I can't seem to figure out where I am going wrong in my steps. I checked the answer and it is different.
The question is:
$$y'' + 2y' - 3y = 3te^t$$
The roots are: -3,1. Thus the general solution is: $$y=C_1e^{-3t} + C_2e^t$$
The particular solution i am going with is: $$y_p = Ate^t$$ $$y'_p = Ae^t + Ate^t$$ $$y''_p = 2Ae^t + Ate^t$$
Therefore: $$2Ae^t + Ate^t + 2Ae^t + 2Ate^t - 3Ate^t = 3te^t$$
$$4Ae^t = 3te^t$$
Then solving for A: $$4A=3$$ $$A=3/4$$
Thus, $y_p = \frac{3}{4}(e^t + te^t)$
Then the general solution would be: $y = C_1e^{-3t} + C_2e^t + \frac{3}{4}(e^t + te^t)$
Any guidance with my mistake would be greatly appreciated. As an aside, what does it mean when a question asks to use the stability result to determine they will have a globally stable solution of the above question. Thank you.
Your particular solution is not correct. Note that $4Ae^t = 3te^t$ does not imply that $A=3/4$. Moreover, what is $C$?
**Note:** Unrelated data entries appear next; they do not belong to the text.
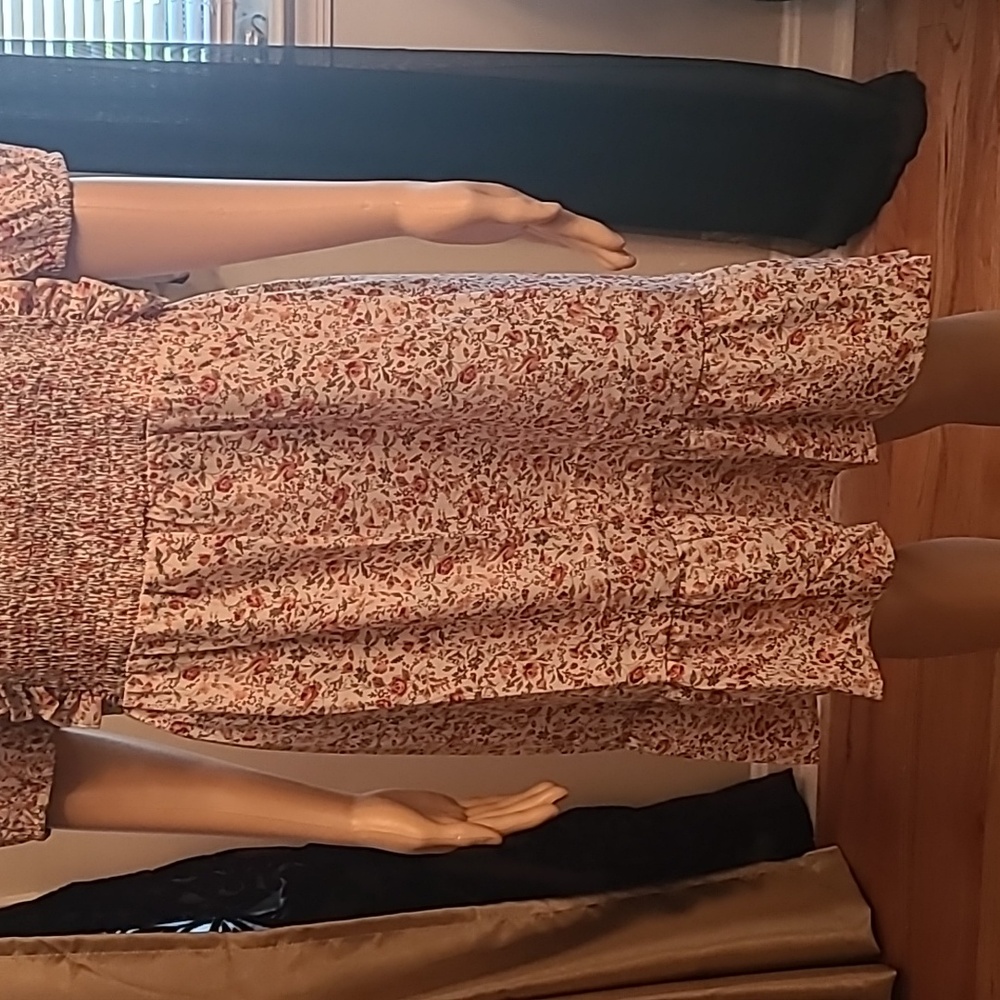 Urban Threads Dress - Picture 4 of 7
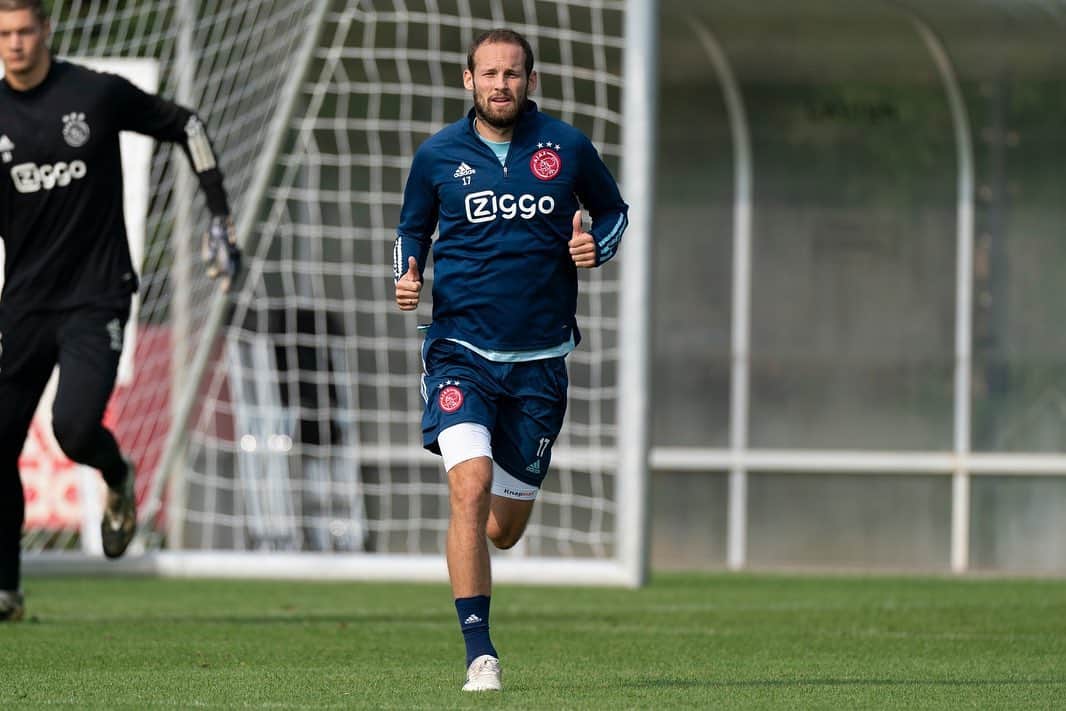 デイリー・ブリントのインスタグラム：「⚽️😁」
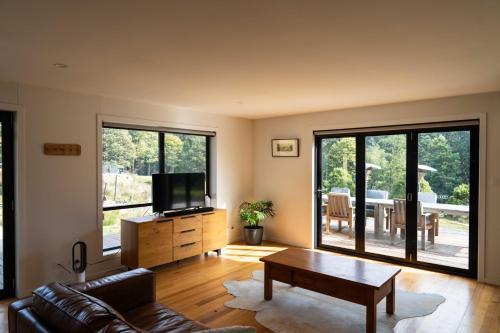Létesítmények, Brewer's Cabin self-contained cabin at McHenry Distillery & Brewery in Port Arthur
In the characteristic polynomial, the multiplicity of the root ${\bf 1}$ is $m=1$ . Therefore, since $f(t)=te^{{\bf1}\cdot t}$, it follows that the particular solution should have the form $$y_p=t^m(At+B)e^{{\bf1}\cdot t}=(At^2+Bt)e^t$$ where $A$ and $B$ are real constants to be found. Can you take it from here?